The Mississippi State Guard (MSSG) is the state defense force of Mississippi. It operates under the authority of the Mississippi Military Department alongside the Mississippi Army National Guard (MSARNG) and the Mississippi Air National Guard (MSANG).

History
The MSSG was initially established by executive order during World War II, after Mississippi National Guard units were called to federal active duty. In 1986, the United States Army adopted the "Total Force Concept" in which the National Guard of all states are trained as, and considered an integral part of the active duty forces of the United States military, though remaining under state control unless activated to federal service. The MSSG was re-activated and reorganized as a cadre force to augment the state's National Guard forces as necessary in the event of their federal deployment.

During WWII the Mississippi State Guard was mustered into service in November 1940. The Mississippi State Guard first came into being in the early part of 1941, by Executive Order of Governor Paul B. Johnson. The initial force was an Infantry Brigade Commanded by BG Bernard E. McDearman. The force was organized from 32 municipalities and consisted of over 2,000 officers and enlisted men. The force was active through WWII until disbanded on 30 June 1947. Many members of the State Guard were incorporated into the returning National Guard on or about April 1947.

Membership
The MSSG open to citizens of Mississippi, male and female, age 17 to 62. All applicants are subject to rigid background checks. An oath of office is required, though there is no contractual obligation to members. The MSSG is an all-volunteer organization tasked with supplementing the forces of the MSARNG or MSANG when ordered by the Governor and/or Adjutant General of the State of Mississippi. While its primary mission is to assist in coping with man-made or natural disaster, the MSSG trains to be ready to meet any assignment.

Training
All new state guardsmen receive military training in the wear and appearance of their uniform, military structure and ranking system, military chain of command, rendering proper honors and respect to those appointed over them.

Guardsmen are required to train in emergency management, by taking courses provided by the Federal Emergency Management Agency (FEMA). Completion of the FEMA training is necessary to earn the Military Emergency Management Specialist Badge. Members also receive specialized training in the military police occupational specialty.

Organization
The Commanding General of the MSSG is appointed by the Adjutant General and Governor of the State of Mississippi, and reports directly to them. All commissioned officer appointments and or promotions must be approved by the Adjutant General and the Governor of Mississippi.

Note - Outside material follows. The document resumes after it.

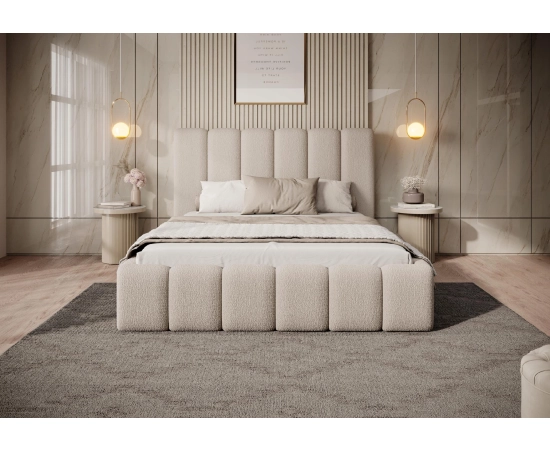 Łóżko duże wypukłe kształty tkanina welurowa sztruks 200x200 Dream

The Mississippi State Guard is organized into three Brigades, each with two Battalions. The units include:

1st Security Brigade
110th Battalion (Walnut Grove, MS)
2nd Security Brigade
210th Battalion (Corinth, MS)
220th Battalion (Camp McCain)
3rd Security Brigade
310th Battalion (Camp Shelby)
320th Battalion (Camp Shelby)

Ribbons and decorations
Ribbons and decorations authorized for wear on the MSSG uniforms may be those that have been officially awarded by competent authority:

 Federally authorized ribbons and decorations awarded by the branches of the U.S. Armed Forces: Army, Navy, Air Force, Marines, or Coast Guard, active or reserve components.
 State authorized ribbons and decorations awarded by the Air or Army National Guard of any state.
 Ribbons representing awards by the Mississippi State Guard.
 United States recognized foreign decorations or ribbons.
 State Guard Association of the United States (SGAUS), Military Emergency Management Academy (MEMS); MEMS Flash; MEMS Basic, Senior, or Master Qualification Badge.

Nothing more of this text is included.